The Organization of the Petroleum Exporting Countries (OPEC) was notably against the proposal to phase out fossil fuels. During the summit, the oil lobby organization warned that “pressure against fossil fuels may reach a tipping point with irreversible consequences”. This stance highlighted deep divisions at the summit, as a significant number of countries, at least 80, demanded an agreement calling for an end to the use of fossil fuels.

After days of intense intense negotiations, the countries participating in the summit commits to: “Transitioning away from fossil fuels in energy systems, in a just, orderly and equitable manner, accelerating action in this critical decade, so as to achieve net zero by 2050 in keeping with the science.”

Criticisms Over Loopholes

However, the agreement stopped short of a more assertive “phaseout” of oil, coal, and gas, leaving a mix of reactions among participants and observers.

The agreement has been criticized for its lack of clarity, which some fear might leave room for continued influence by fossil fuel interests. “The Alliance of Small Island States, who are experiencing effects of climate change more dramatically than anyone, called the agreement a ‘litany of loopholes’.

Operationalization of Damage and Repair

Despite these criticisms, COP28 made notable progress on other fronts.

The COP28 climate conference marked a significant milestone with the operationalization of the “loss and damage” fund, a key agreement initially reached during COP27 in Sharm El Sheikh, Egypt.
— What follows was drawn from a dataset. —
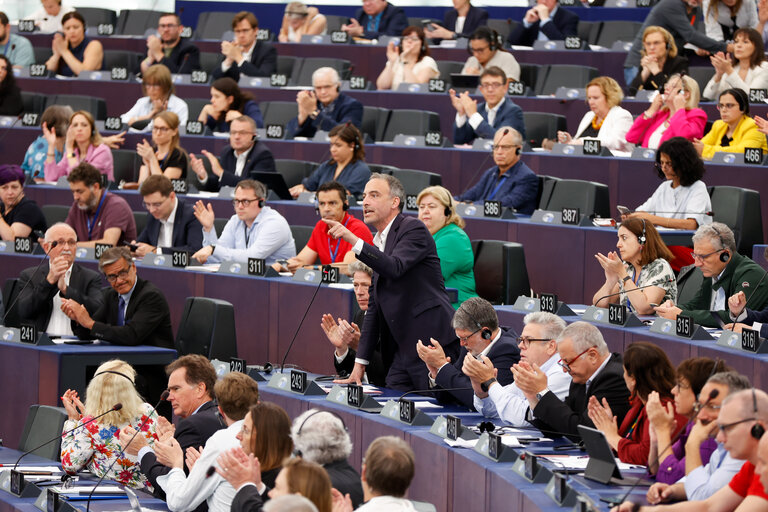 Fotografija 22: EP Plenary session - Voting session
This fund aims to assist developing countries that are particularly vulnerable to the effects of climate change. The fund seeks to provide financial assistance for mitigation and recovery efforts in these communities​​.

The United Arab Emirates, the host nation for COP28, announced a commitment of $100 million to the fund. This contribution set a precedent for other nations to follow, with several countries making notable commitments. For instance, Germany also pledged $100 million, the United Kingdom committed £40 million directly to the fund (and an additional £20 million for other related arrangements), Japan contributed $10 million, China the same amount and the United States committed $17.5 million​​​​​​.
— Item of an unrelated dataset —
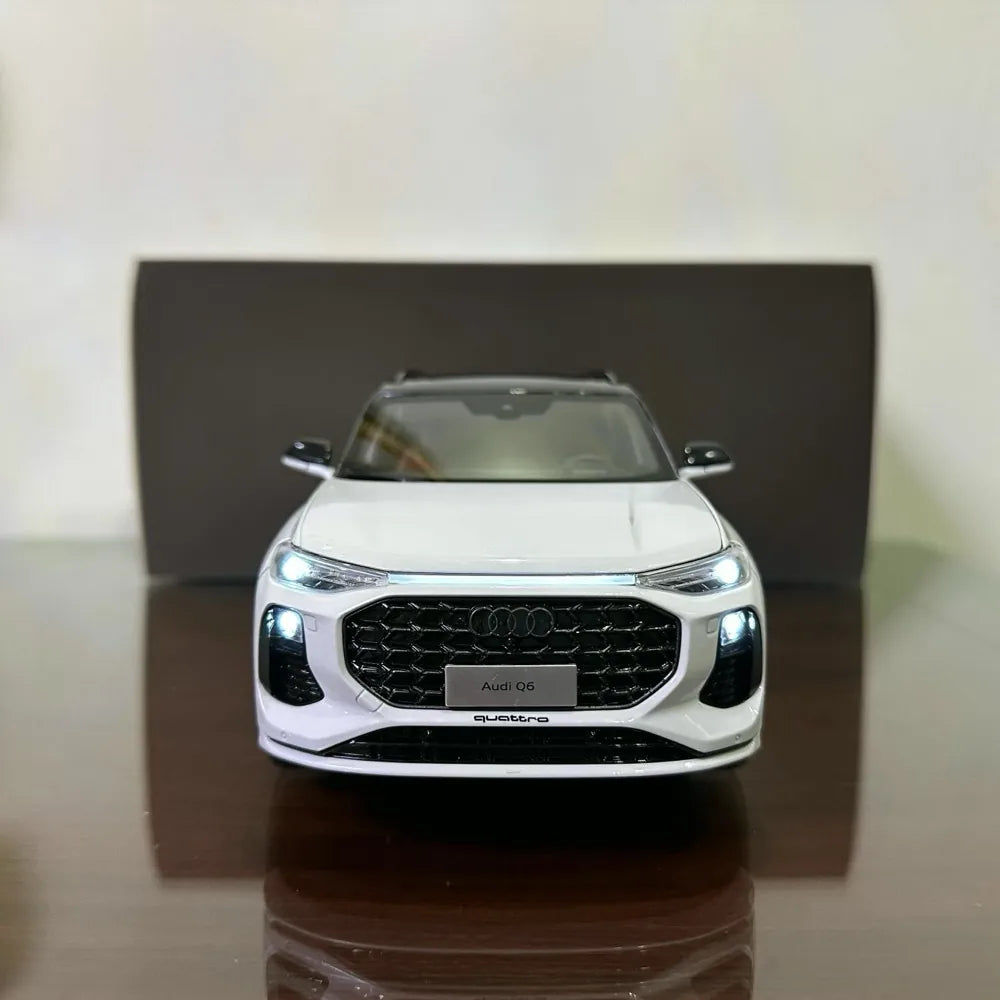 [OEM] 1:18 Audi 2022 Q6 White Model Car Die-Cast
Discussions over a loss and damage fund have held back progress in previous climate summits. The operationalization of the loss and damage fund therefore signifies an vital step towards acknowledging and addressing the disproportionate impact of climate change on less developed nations – even if the pledges fall short of the estimated $400 billion annual damage caused by climate change.

Other notable results

COP28 marked several significant achievements that went beyond the main headlines. Here are some of the key outcomes and initiatives that have received as less attention but are vital in the context of global climate action and collaboration:

  • Climate Finance: The UAE President announced a $30 billion fund for global climate solutions, aiming to attract $250 billion of investment by the end of the decade. The fund is designed to bridge the climate financing gap and facilitate affordable access to climate solutions. It aims to stimulate the raising and investment of $250 billion by 2030.
  • Renewable Energy Commitments: A major agreement at COP28 was the commitment by 118 countries to triple renewable power generation capacity to 11,000 GW and double energy efficiency – within this decade. This target supports the ambitions to phase out fossil fuels and can contribute to a positive ‘tipping point’, making renewable energy price competitive over fossil fuels.
  • Methane Reduction: Fifty oil and gas companies pledged to achieve near-zero methane emissions by 2030 and committed to submitting a plan to meet these targets by 2025. This is a significant step considering methane’s potency as a greenhouse gas.
  • Food and Agriculture: Over 130 countries signed a declaration to include emissions from agriculture and farming in their national plans to tackle climate change. Additionally, leading food and agriculture organizations joined forces to scale regenerative agriculture, partnering with millions of farmers to transition over 160 million hectares to protect soil and limit carbon emissions.
  • Progress on the Paris Agreement: COP28 concluded the first assessment of each state’s progress towards reducing emissions in line with the Paris Agreement’s goal to limit global temperature rise to 1.5 degrees Celsius above pre-industrial levels. These assessments are crucial in evaluating how far countries have come in their efforts to limit global temperature rise to 1.5 degrees Celsius above pre-industrial levels.

These outcomes from COP28 seems to reflect a growing global consensus on the urgent need for climate action across various sectors and indicate a shift towards more sustainable and climate-resilient practices worldwide.

The ‘UAE Consensus,’ as named by Sultan Al Jabber, signifies the historic impact many observers hope COP28 will have. Time, along with the climate action inspired by the agreement, will tell if the ‘UAE Consensus’ will go dow in the books with the Paris Agreement and the Kyoto Protocol. However, despite the critiques that the framework has met, this years summit does place itself among the more productive in recent climate discussions.